These panels are from the translation of the original Dragon Ball. I found them helpful in the understanding of page 11. They also show that the penultimate panel on page 11 has been added by Ooishi for the SD version (I though this was a really funny panel!)
Summary
The first panel is: 俺たちが次の天下一武道会で優勝しようと思ったらわずかばかり修業では歯がたちませんね.
Thanks to whoever put in the spreadsheet that 歯が立ちません (not in Jisho) is the same as 歯がたたない (in Jisho!). I thought this was a useful definition for 歯がたたない - “The opponent is so far beyond my skill level that I can’t tackle him”.
I struggled with わずかばかり but it kind of made sense in context and looking at the translation.
I had read 占いババ as “fortune-telling Baba”. But I noticed in the translation they call her - “the all-seeing crone”. “Crone” means an “old woman considered to be ugly; a hag”. This ババ is 婆 - which Jisho lists as “old woman” or “hag”.
I just realised I got the page numbers wrong, because the chapters start one page before what looks like the title page
Also, why are Puar and Upa seemingly disqualified from fighting any more warriors, when they didn’t actually lose their fight? Another continuity issue due to cutting out bits of the original?
You always ask good questions! My thoughts - as always may be wildly off the mark!
In the original they weren’t going to fight at all but were brought in part way through the battle as they’d come up with a strategy to use them. They skipped that part in this story and imply they were always going to fight, but they use the same panel as the original on page 30 to take them out of the battle and pass the baton to Yamcha.
Yamcha says - thanks for your good work. That’s enough from you, I’ll go on now.
They reply - はい!たすかります!Yes, thanks.
This form of thank you is used to express that someone was helped by someone else and saved from an undesirable condition. So I think the panel implies that Yamcha is offering to take over (because they are weak and not really cut out for fighting) and their response indicates they are glad to accept and to be saved from having to face another opponent.

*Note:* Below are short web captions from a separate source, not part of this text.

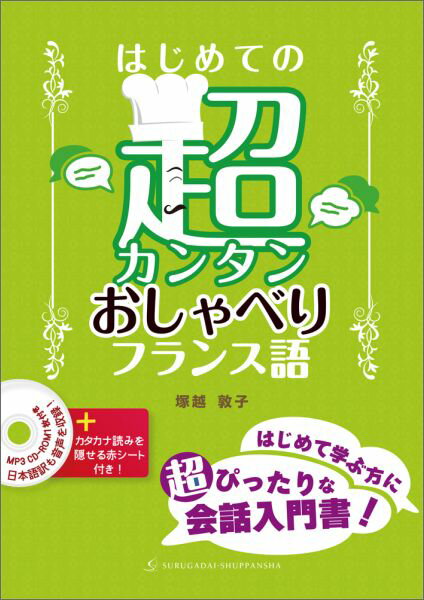 【中古】はじめての超カンタンおしゃべりフランス語/駿河台出版社/塚越敦子（単行本（ソフトカバー））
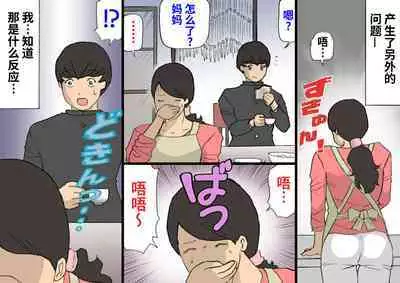 Okaa-san wa Homete Nobasu Kyouiku Houshin 3 Musuko no Hankouki Hen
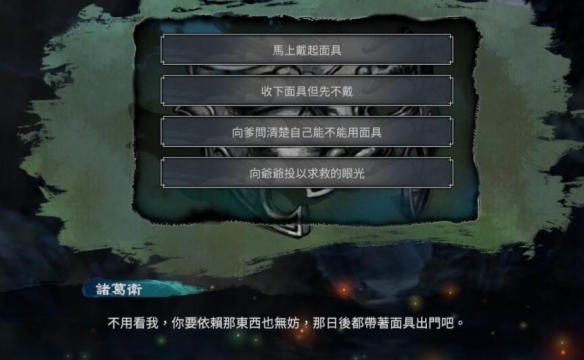 游侠网5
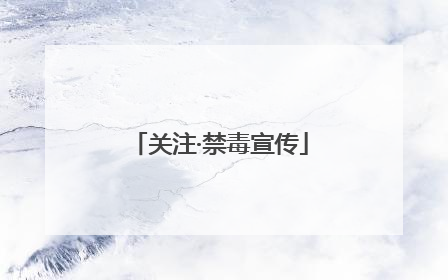 关注·禁毒宣传
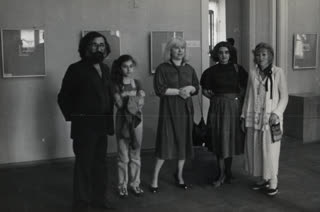 Музей Востока 1984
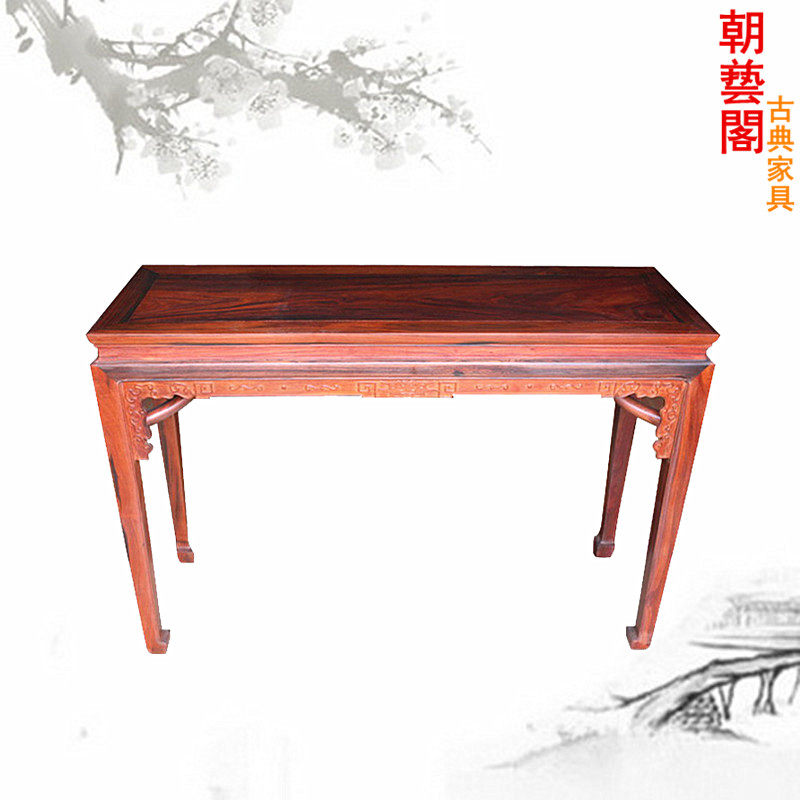 ���ո���̨����cyg-881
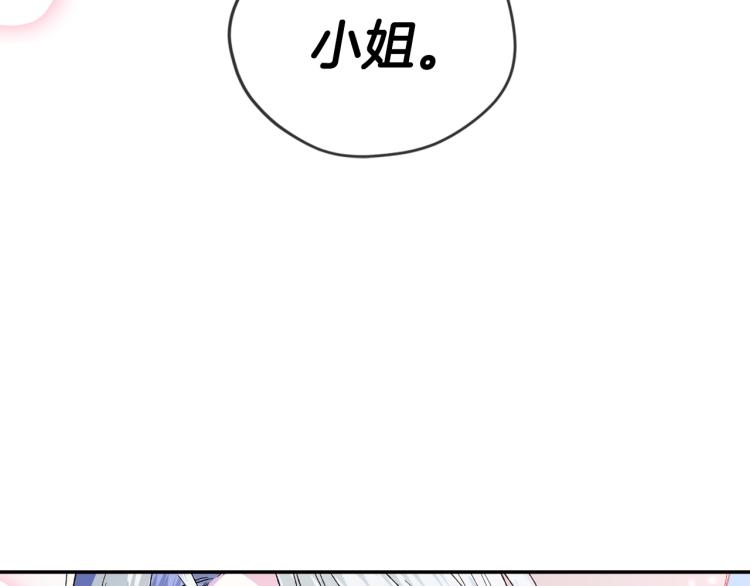 《爸，这个婚我不结！》漫画最新章节第33话 我是麦克斯免费下拉式在线观看章节第【8】张图片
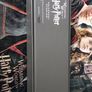 Harry Potter Wand Image 4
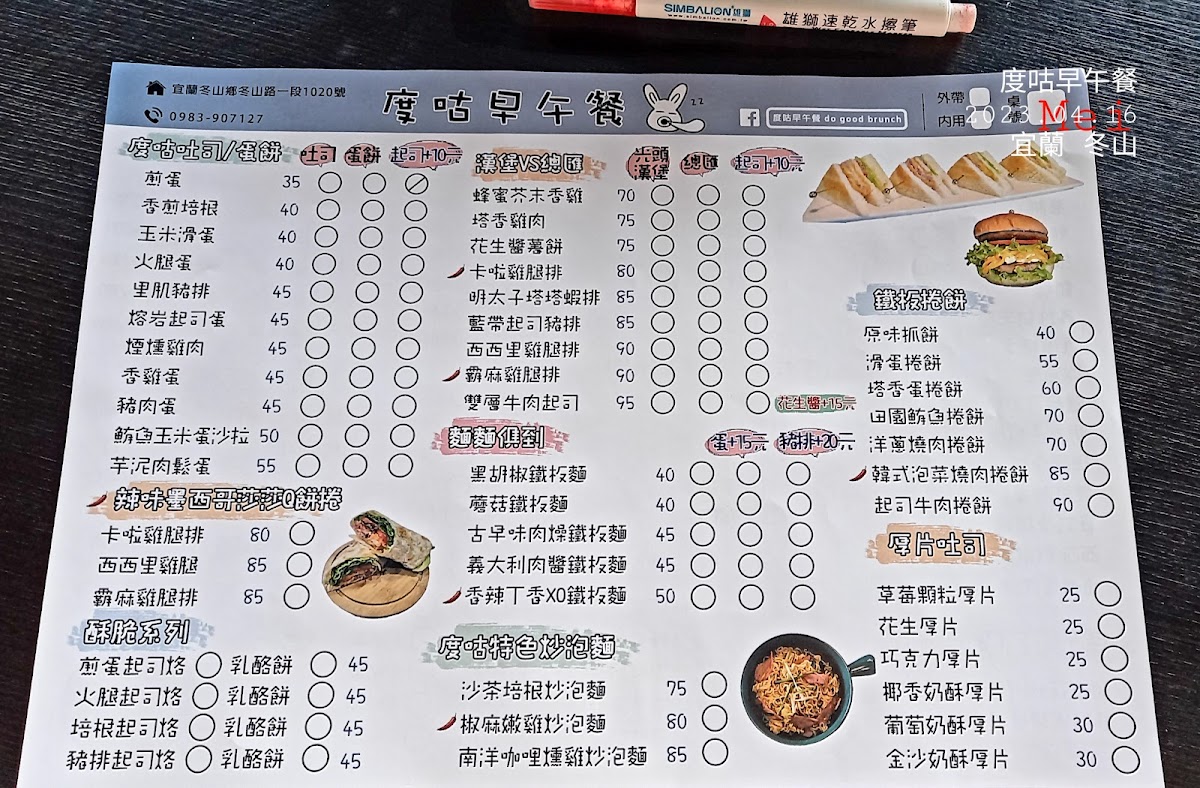 Menu Photo 2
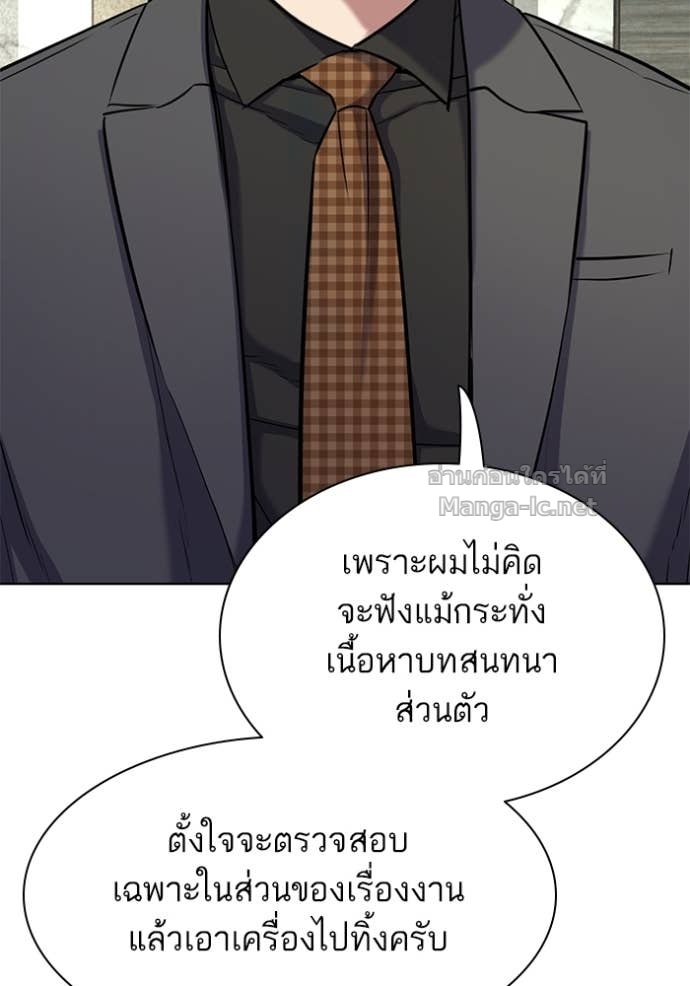 หน้า 137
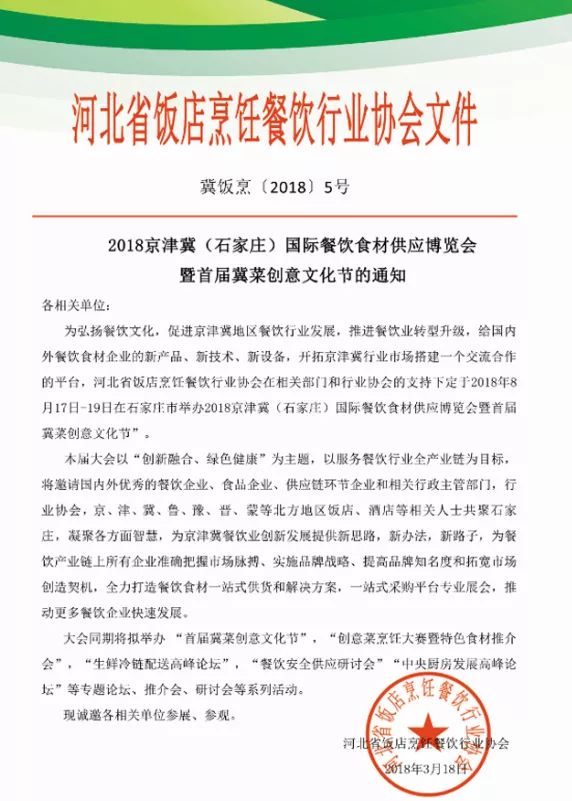 鎮(zhèn)杰·2018京津冀國際餐飲食材供應(yīng)博覽會招商火爆進(jìn)行時(shí)！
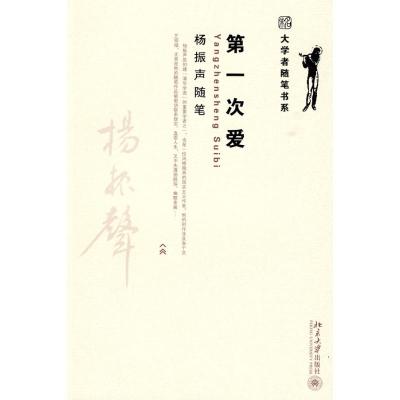 [M]第一次爱 杨振声随笔-9787301148242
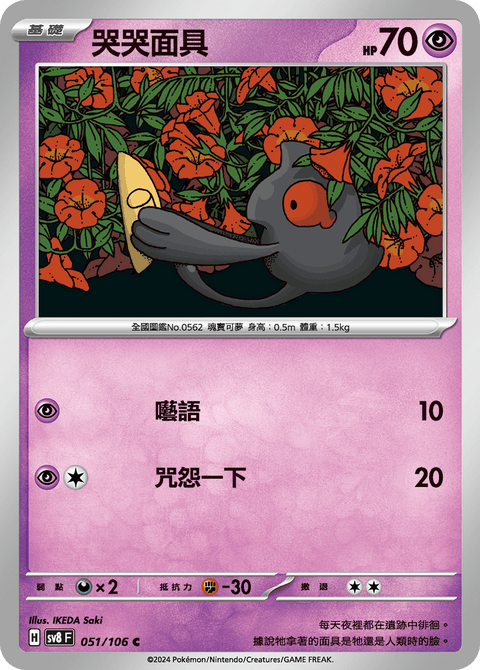 #卡牌遊戲, #卡牌, #遊戲王, #遊戲王卡, #遊戲王卡牌, #日文卡, #日版卡, #日版遊戲王卡, #YuGiOh日文, #Pokemon卡, #神奇寶貝卡, #寶可夢卡, #寶可夢卡牌, #海賊王卡牌, #數碼暴龍卡牌, #高達卡牌, #柯南卡牌, #龍珠卡牌, #碧藍航線卡牌, #符文戰爭卡牌, #魔法風雲會, #MTG卡, #桌遊, #動漫周邊, #動漫商品, #模型, #ActionFigure, #手辦, #公仔, #收藏品, #珍藏卡, #限量卡, #閃卡, #亮面卡, #金屬卡, #抽卡盒, #卡套, #卡冊, #卡盒, #保護套, #桌遊配件, #比賽卡牌, #集換式對戰卡牌, #比賽活動, #玩家社群, #玩家俱樂部, #遊戲店, #香港遊戲店, #HK遊戲, #香港卡牌, #香港桌遊, #卡牌教學, #遊戲教學, #策略遊戲, #遊戲配件, #收藏卡牌, #卡牌批發, #卡牌零售, #動漫卡, #動漫卡牌, #TCG產品, #日本卡牌, #美版卡牌, #卡牌活動, #實體店, #網上商店, #網店, #玩家聚會, #卡牌交流, #交換卡牌, #卡牌市場, #線上比賽, #實體比賽,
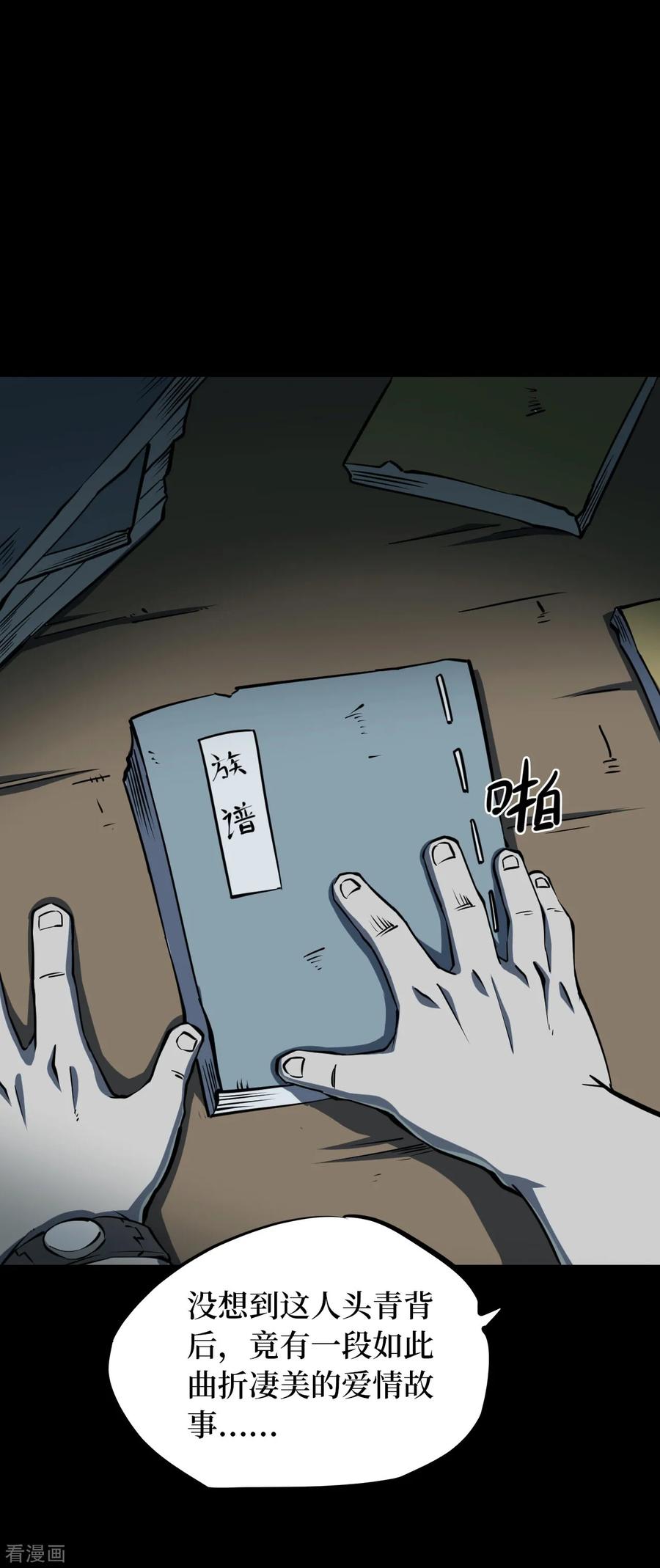 《阴间商人》第14话 人头青7 第41页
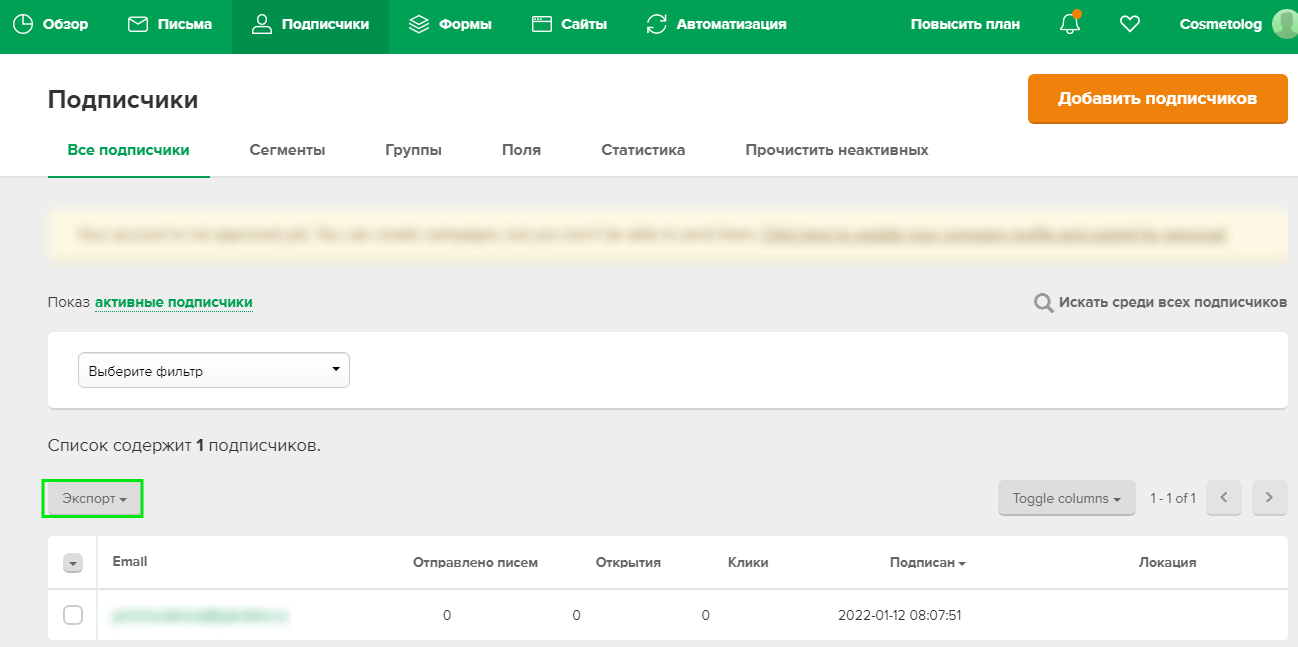 экспорт контактов в MailerLite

Perhaps just a straightforward “thing” - their blood looks like a tasty thing?
I can’t find a word which is つきおう, つきおる, or るきおつ so this must be a compound of two words. Jisho says おる can be used as follows:
to (have the audacity to) do - after -masu base of verb; indicates contempt or disdain for another’s actions
So perhaps it is 付く (to be connected with) followed by おる in past plain form? “You (brazenly) connected well with his weak points”
The translation of the original went for “you grasped his weak points ingeniously”
I read this as 始めます with a prolonged めー sound and the ます cut off.
I guess it makes sense that Puar and Upa opted out. I was surprised to see them fight in the first place! I should go back to reading the original alongside the SD volumes. And thanks for pointing out the subtext of 助かります, I think that confirms your interpretation of the events.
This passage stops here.